[INPUT RECORDS]

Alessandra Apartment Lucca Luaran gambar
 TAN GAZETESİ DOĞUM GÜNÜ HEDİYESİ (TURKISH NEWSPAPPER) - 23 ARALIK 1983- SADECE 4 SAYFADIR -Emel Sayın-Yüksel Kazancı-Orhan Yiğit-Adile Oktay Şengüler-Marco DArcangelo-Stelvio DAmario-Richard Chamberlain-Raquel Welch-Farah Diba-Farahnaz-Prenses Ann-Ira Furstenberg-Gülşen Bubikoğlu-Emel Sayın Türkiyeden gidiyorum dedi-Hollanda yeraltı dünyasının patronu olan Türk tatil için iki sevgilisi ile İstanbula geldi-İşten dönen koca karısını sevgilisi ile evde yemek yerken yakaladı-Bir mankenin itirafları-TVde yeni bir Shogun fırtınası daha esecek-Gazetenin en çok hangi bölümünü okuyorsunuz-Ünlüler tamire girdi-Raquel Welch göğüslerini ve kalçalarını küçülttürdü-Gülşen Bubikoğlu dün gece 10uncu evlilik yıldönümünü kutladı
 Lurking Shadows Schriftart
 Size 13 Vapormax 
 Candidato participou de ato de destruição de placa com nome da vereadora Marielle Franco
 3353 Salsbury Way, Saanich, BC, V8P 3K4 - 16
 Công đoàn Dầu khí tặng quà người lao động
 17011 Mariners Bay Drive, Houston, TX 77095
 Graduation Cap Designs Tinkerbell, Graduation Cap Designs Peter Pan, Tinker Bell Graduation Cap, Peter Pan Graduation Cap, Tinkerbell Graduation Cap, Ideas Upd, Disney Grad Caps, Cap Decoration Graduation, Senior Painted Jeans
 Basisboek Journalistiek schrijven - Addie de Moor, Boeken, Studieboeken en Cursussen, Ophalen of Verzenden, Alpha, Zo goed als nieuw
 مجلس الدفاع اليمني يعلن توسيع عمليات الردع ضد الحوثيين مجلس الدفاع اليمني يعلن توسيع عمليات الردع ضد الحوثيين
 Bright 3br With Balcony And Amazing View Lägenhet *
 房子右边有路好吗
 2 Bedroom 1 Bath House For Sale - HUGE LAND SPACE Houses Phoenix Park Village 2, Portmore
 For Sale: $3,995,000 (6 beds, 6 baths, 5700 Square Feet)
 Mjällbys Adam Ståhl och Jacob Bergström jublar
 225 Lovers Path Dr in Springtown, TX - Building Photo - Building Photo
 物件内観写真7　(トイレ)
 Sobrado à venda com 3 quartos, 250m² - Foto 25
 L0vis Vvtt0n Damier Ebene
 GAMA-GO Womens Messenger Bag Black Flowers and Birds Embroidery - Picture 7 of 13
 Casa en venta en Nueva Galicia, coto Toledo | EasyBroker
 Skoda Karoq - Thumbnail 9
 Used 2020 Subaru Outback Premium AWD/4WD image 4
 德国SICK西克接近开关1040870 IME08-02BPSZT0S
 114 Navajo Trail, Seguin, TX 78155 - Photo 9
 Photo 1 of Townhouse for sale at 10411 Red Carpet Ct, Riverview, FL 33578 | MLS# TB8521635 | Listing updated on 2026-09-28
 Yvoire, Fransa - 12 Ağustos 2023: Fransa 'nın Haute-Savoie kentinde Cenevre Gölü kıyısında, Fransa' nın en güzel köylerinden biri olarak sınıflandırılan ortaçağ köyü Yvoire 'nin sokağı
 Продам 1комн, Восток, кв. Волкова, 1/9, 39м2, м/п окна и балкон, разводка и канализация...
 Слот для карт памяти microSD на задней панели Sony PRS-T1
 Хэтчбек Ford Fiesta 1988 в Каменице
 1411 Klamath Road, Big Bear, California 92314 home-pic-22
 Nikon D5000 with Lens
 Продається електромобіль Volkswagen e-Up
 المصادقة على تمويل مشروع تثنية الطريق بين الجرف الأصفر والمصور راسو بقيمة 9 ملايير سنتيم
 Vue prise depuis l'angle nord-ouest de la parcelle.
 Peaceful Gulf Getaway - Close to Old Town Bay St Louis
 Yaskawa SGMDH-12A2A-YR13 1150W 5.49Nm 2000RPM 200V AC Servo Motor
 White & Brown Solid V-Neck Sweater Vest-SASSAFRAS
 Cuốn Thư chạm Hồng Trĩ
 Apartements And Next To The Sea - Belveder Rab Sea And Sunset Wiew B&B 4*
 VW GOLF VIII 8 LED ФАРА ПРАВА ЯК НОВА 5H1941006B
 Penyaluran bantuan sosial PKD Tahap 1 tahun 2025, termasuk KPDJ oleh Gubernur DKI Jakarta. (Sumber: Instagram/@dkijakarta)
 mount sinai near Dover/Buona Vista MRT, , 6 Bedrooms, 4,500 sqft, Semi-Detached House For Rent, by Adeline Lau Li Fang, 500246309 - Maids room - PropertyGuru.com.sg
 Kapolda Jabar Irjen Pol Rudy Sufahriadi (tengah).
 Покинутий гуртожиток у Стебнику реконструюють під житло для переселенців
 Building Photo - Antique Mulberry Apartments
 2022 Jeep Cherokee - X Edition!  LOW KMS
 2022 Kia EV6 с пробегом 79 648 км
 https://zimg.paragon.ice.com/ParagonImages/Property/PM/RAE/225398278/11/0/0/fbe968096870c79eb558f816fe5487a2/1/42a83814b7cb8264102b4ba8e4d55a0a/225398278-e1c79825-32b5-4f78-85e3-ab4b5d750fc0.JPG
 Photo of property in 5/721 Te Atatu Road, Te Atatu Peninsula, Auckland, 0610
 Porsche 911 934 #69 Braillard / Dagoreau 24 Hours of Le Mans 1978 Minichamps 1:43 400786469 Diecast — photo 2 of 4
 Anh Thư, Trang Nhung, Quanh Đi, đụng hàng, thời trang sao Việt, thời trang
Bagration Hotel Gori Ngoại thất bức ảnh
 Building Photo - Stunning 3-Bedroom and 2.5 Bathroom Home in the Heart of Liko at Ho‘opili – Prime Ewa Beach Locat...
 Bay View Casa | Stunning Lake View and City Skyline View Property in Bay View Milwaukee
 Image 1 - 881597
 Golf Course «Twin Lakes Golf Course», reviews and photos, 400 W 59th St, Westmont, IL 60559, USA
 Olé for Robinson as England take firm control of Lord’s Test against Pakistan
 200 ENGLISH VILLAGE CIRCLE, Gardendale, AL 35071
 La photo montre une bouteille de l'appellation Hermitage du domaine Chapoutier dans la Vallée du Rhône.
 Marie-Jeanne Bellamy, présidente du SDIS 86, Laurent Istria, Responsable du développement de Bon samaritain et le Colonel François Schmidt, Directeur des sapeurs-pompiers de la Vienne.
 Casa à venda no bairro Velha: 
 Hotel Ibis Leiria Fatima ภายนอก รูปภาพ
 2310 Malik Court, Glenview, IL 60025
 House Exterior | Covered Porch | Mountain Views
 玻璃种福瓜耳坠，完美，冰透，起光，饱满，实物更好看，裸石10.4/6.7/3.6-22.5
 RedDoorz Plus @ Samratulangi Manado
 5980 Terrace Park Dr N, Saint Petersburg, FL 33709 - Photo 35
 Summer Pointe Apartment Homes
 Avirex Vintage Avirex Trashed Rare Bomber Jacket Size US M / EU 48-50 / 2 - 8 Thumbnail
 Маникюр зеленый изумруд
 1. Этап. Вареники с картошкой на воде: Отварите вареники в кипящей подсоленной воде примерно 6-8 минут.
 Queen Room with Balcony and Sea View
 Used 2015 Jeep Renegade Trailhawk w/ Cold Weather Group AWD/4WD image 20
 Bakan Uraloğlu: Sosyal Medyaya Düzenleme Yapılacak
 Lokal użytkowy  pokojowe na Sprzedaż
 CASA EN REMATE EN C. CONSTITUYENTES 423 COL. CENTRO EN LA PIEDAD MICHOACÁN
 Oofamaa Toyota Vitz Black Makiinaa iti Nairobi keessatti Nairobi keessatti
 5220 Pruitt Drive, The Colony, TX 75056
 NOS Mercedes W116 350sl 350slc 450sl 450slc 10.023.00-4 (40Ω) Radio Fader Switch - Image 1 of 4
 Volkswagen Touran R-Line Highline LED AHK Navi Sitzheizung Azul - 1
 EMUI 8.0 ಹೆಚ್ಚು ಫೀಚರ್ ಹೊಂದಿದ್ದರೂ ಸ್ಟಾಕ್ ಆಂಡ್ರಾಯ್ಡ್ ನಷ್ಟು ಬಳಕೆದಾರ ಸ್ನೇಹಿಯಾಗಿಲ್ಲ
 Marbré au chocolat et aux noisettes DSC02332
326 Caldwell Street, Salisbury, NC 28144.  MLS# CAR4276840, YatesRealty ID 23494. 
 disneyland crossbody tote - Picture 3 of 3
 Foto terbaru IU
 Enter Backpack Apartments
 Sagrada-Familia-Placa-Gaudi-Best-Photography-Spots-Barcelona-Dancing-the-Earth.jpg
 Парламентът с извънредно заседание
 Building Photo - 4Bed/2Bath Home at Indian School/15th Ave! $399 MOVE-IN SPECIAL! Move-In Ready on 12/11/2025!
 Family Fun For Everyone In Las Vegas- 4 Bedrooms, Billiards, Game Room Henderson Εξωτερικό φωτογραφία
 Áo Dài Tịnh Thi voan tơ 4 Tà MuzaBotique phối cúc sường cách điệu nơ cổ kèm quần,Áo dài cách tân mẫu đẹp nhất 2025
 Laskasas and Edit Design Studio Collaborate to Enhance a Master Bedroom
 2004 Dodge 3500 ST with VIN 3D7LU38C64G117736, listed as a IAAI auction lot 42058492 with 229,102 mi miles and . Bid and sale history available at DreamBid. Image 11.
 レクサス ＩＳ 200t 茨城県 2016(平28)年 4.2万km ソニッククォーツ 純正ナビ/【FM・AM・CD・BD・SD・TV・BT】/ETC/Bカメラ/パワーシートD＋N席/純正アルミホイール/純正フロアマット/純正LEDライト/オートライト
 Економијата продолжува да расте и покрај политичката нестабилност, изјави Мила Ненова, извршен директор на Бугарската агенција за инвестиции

[/INPUT RECORDS]

Lines that include the word "Apartments" are to be extracted from the data above.

 Building Photo - Antique Mulberry Apartments
 Enter Backpack Apartments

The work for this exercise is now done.